To the first he says,
The Nordic/Germanic peoples (including the Anglo-Saxons) were comparative latecomers to Christianity. Pope Gregory I sent a missionary enterprise led by Augustine of Canterbury to the Anglo-Saxons in 596/7. The forcible conversion of the Saxons in Europe began under Charlemagne in 772. Hence, if “Easter” (i.e. the Christian Passover festival) was celebrated prior to those dates, any supposed pagan Anglo-Saxon festival of “Eostre” can have no significance. And there is, in fact, clear evidence that Christians celebrated an Easter/Passover festival by the second century, if not earlier. It follows that the Christian Easter/Passover celebration, which originated in the Mediterranean basin, was not influenced by any Germanic pagan festival.
To the second he says,
There are several problems with the passage in Bede. In his book, The Stations of the Sun, Professor Ronald Hutton (a well-known historian of British paganism and occultism) critiques Bede’s sketchy knowledge of other pagan festivals, and argues that the same is true for the statement about Eostre: “It falls into a category of interpretations which Bede admitted to be his own, rather than generally agreed or proven fact.”

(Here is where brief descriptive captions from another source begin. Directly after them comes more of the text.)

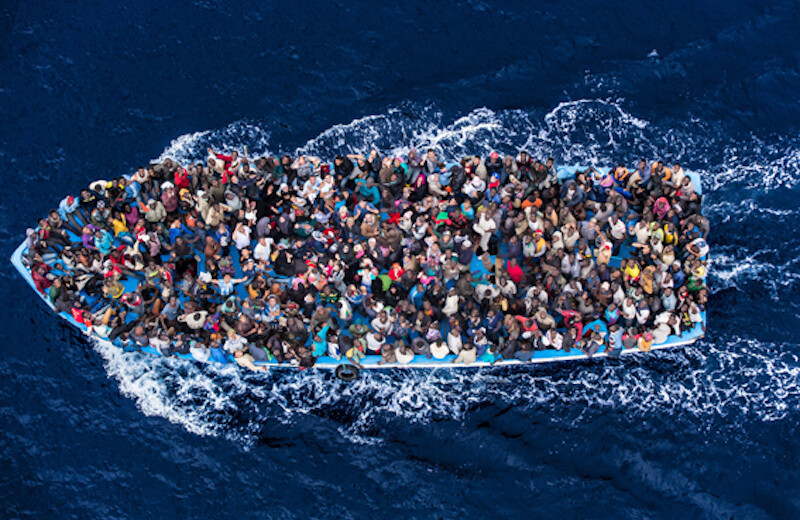 Italian navy rescues asylum seekers in the Mediterranean off the coast of Africa, June 2014. <br>CREDIT: <a href="https://www.flickr.com/photos/vfutscher/42322119744">Massimo Sestini/Polaris</a> <a href="https://creativecommons.org/licenses/by-nc/2.0/">(CC)</a>.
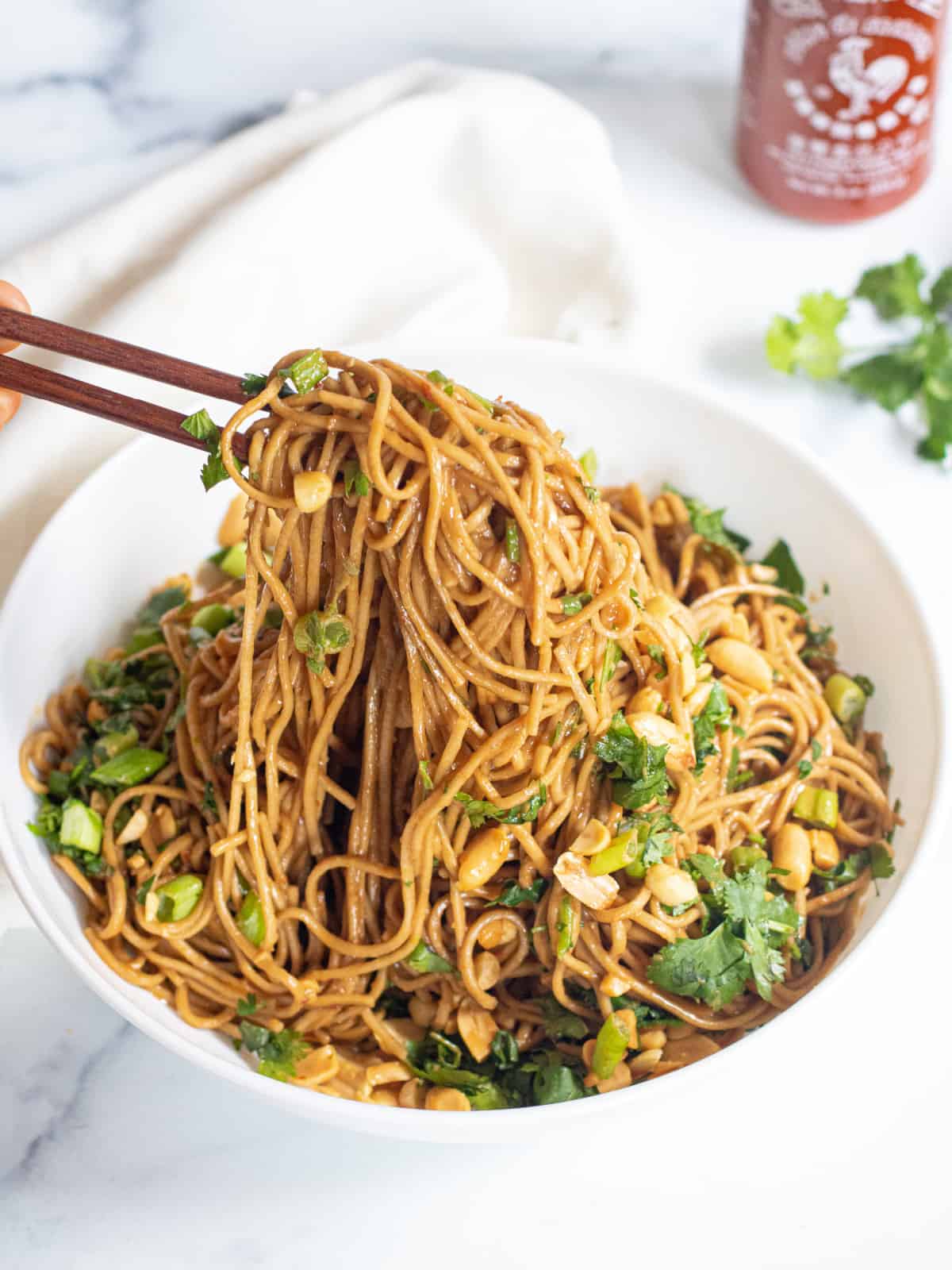 chopsticks holding up peanut noodles over a large bowl of noodles.
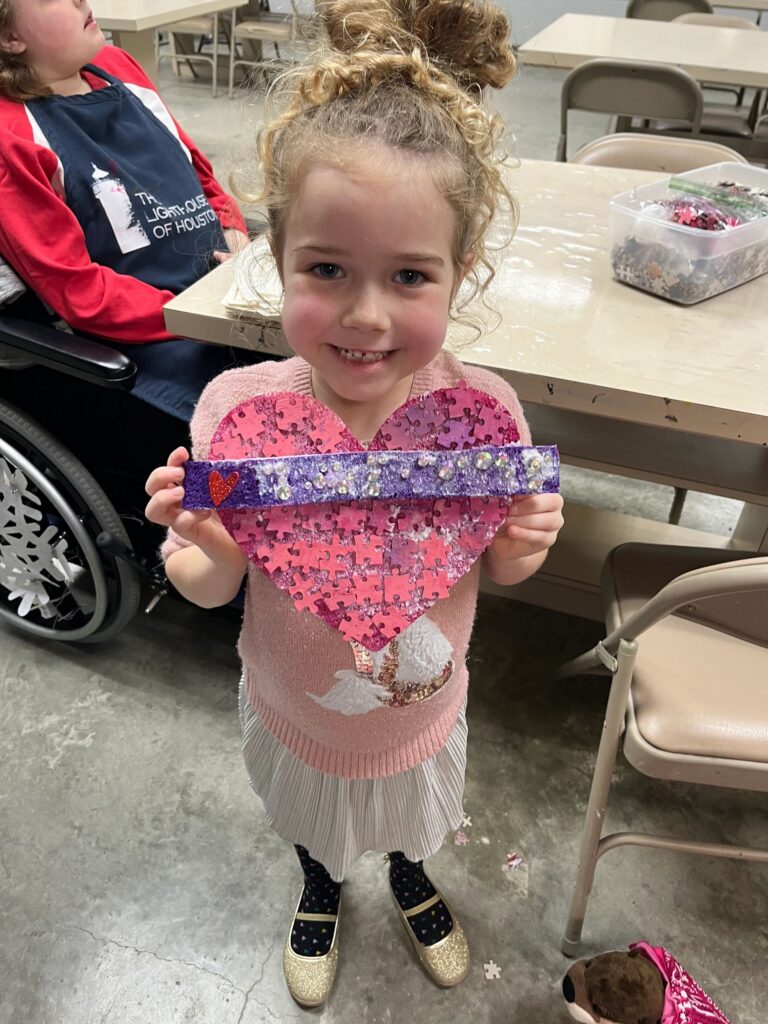 An artist holds up a heart made from pink jigsaw-puzzle pieces with a rhinestone-trimmed purple braille bar and a small red heart charm, in a room with a puzzle-piece bin nearby.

This leads us to the next problem: there is no evidence outside of Bede for the existence of this Anglo-Saxon goddess. There is no equivalent goddess in the Norse Eddas or in ancient Germanic paganism from continental Europe. Hutton suggests, therefore, that “the Anglo-Saxon Estor-monath simply meant ‘the month of opening’ or ‘the month of beginnings,'” and concludes that there is no evidence for a pre-Christian festival in the British Isles in March or April.
So just what is the origination of the word “Easter?”
One theory for the origin of the name is that the Latin phrase in albis (“in white”), which Christians used in reference to Easter week, found its way into Old High German as eostarum, or “dawn.” There is some evidence of early Germanic borrowing of Latin despite that fact that the Germanic peoples lived outside the Roman Empire — though the Angles, Saxons, and Jutes were far very removed from it. This theory presumes that the word only became current after the introduction of either Roman influence or the Christian faith, which is uncertain. But if accurate, it would demonstrate that the festival is not named after a pagan goddess.…
So Christians in ancient Anglo-Saxon and Germanic areas called their Passover holiday what they did—doubtless colloquially at first—simply because it occurred around the time of Eosturmonath/Ostarmanoth.
There are more details in McRoy’s article, but this should defuse at least some of the questions some of your unbelieving friends may have about the Easter remembrance.